Using the entries below, restate word for word only the lines from the one with "STINGER GTR - GOLD" to the final line, leaving the pictures out.

-*-*-

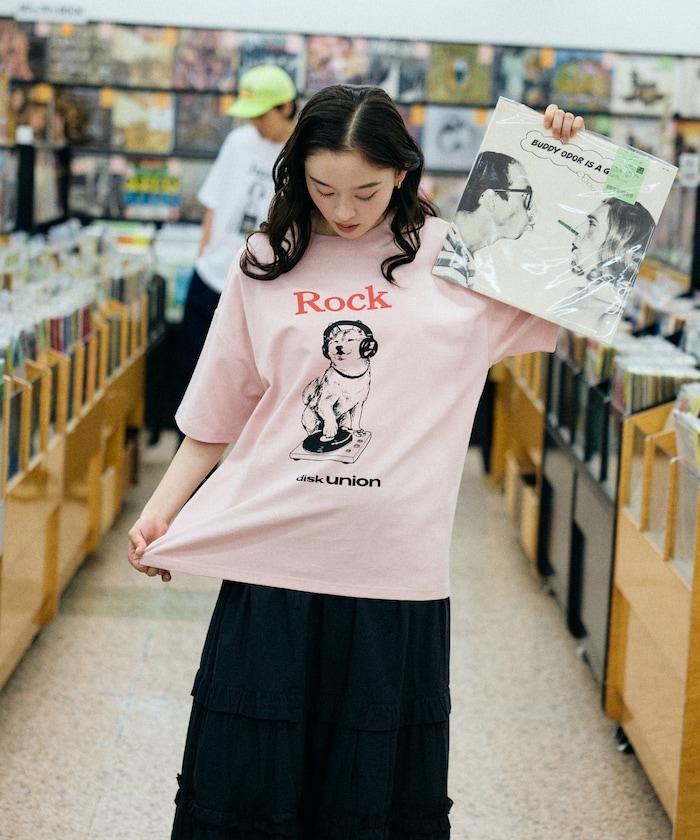 diskunion×FREAK'S STORE  寬鬆廓形 柴犬印花 圓領T恤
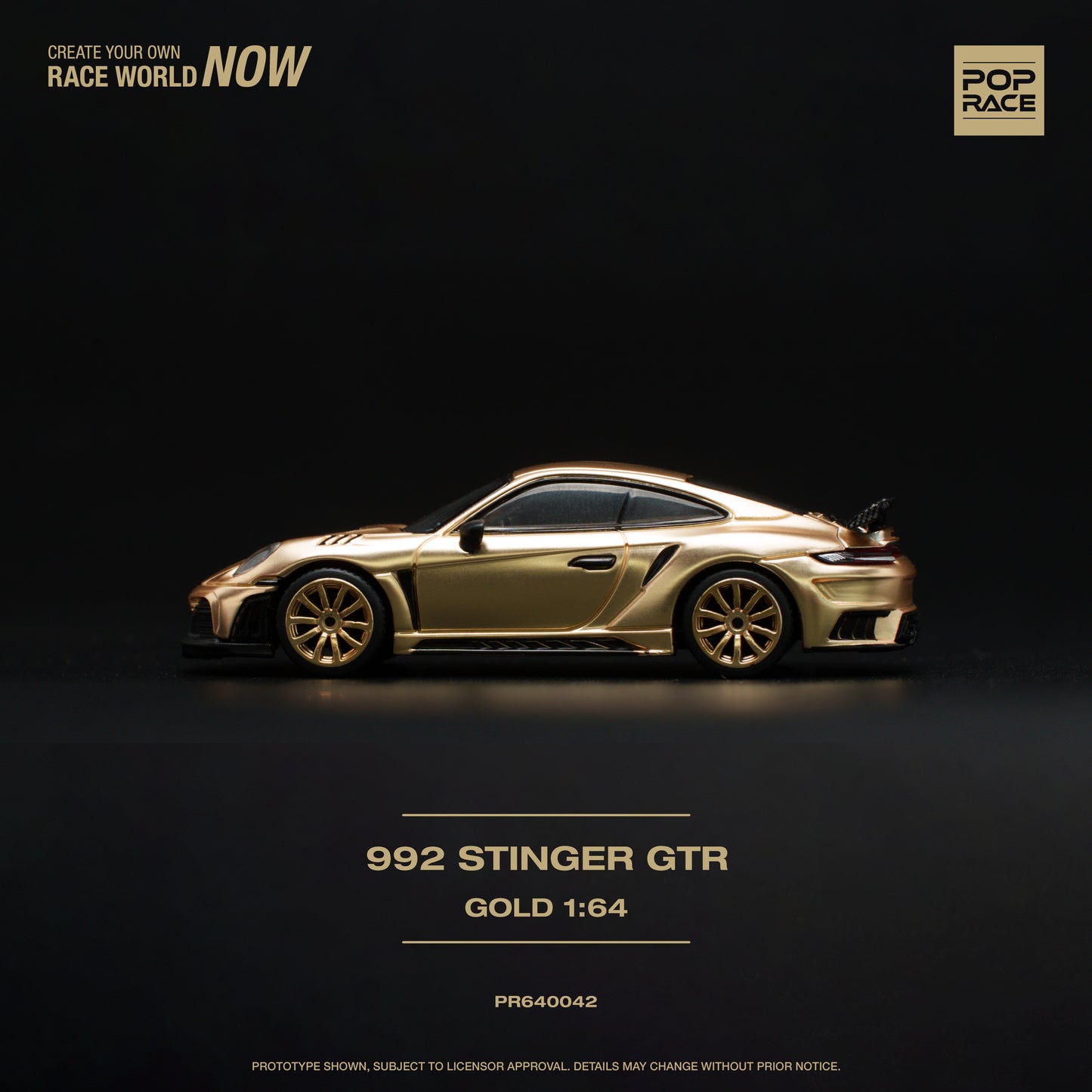 (Pre-Order)  Pop Race 992 STINGER GTR - GOLD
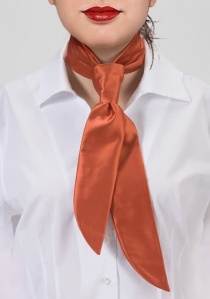 Corbata de mujer para servicios de color terracota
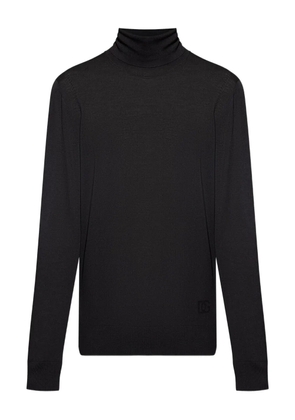 Dolce & Gabbana logo-detail turtleneck sweater - Black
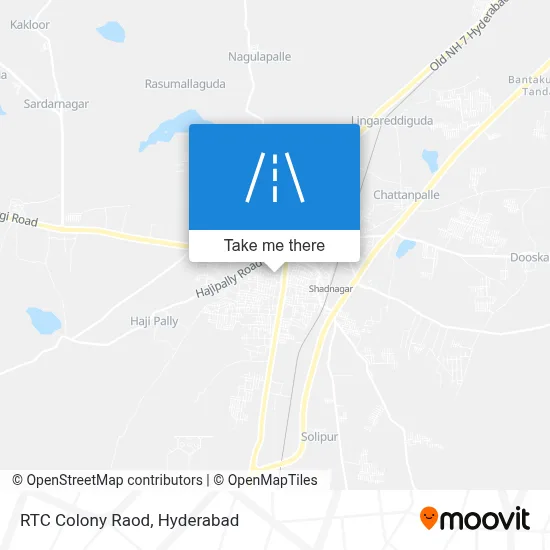 RTC Colony Raod map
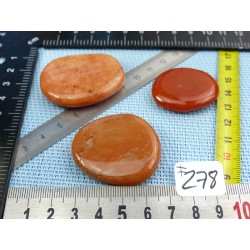 Aventurine Orange Lot de 3 Pierres Plates 65gr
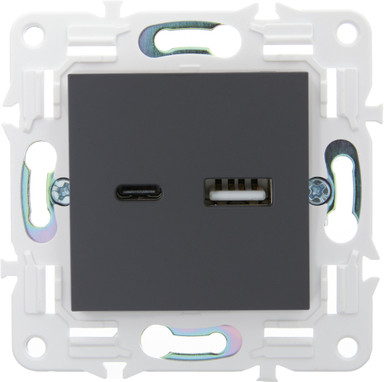 Изображение товара Розетка IEK Skandy SK-U22-D31-K48 (титан)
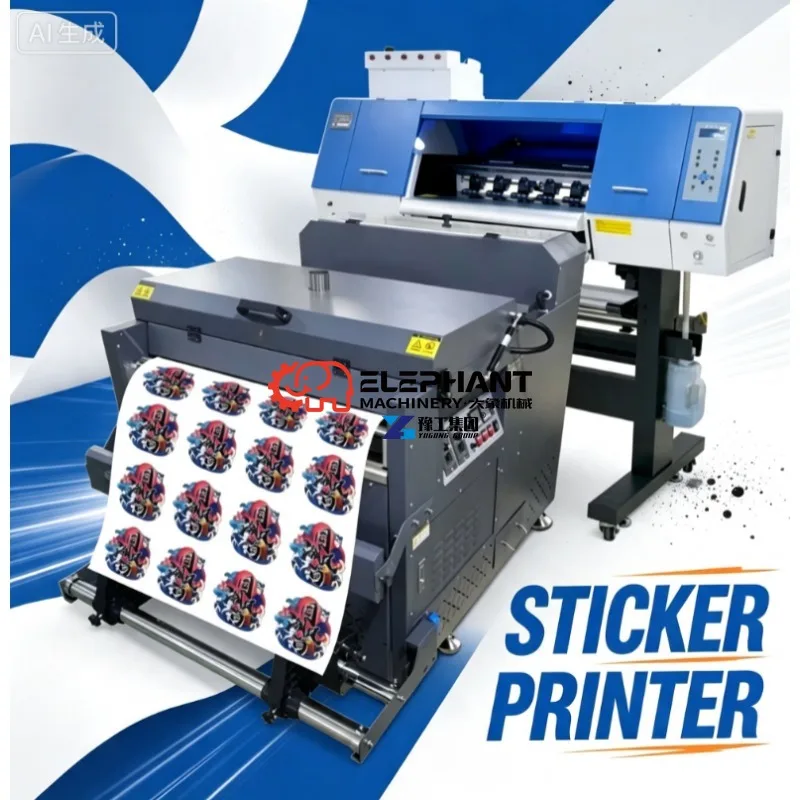Hot Sale Smart Dtf 60 Cm 2 Heads T Shirt Printer USB Computer Connect Wifi DTF Printer with Auto Cleaning Function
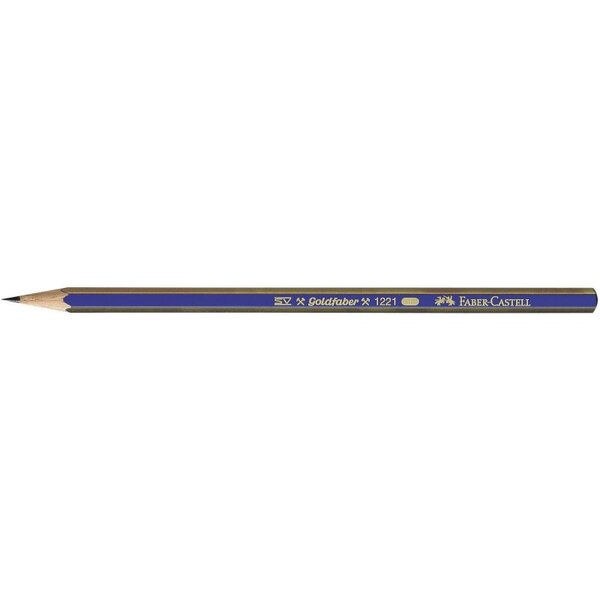 FABER-CASTELL Crayon graphite GOLDFABER  hexagonal  degré de dureté: HB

-*-*-

> _Answer section_:
 (Pre-Order)  Pop Race 992 STINGER GTR - GOLD
 Corbata de mujer para servicios de color terracota
 Dolce & Gabbana logo-detail turtleneck sweater - Black
 RTC Colony Raod map
 Aventurine Orange Lot de 3 Pierres Plates 65gr
 Изображение товара Розетка IEK Skandy SK-U22-D31-K48 (титан)
Hot Sale Smart Dtf 60 Cm 2 Heads T Shirt Printer USB Computer Connect Wifi DTF Printer with Auto Cleaning Function
 FABER-CASTELL Crayon graphite GOLDFABER  hexagonal  degré de dureté: HB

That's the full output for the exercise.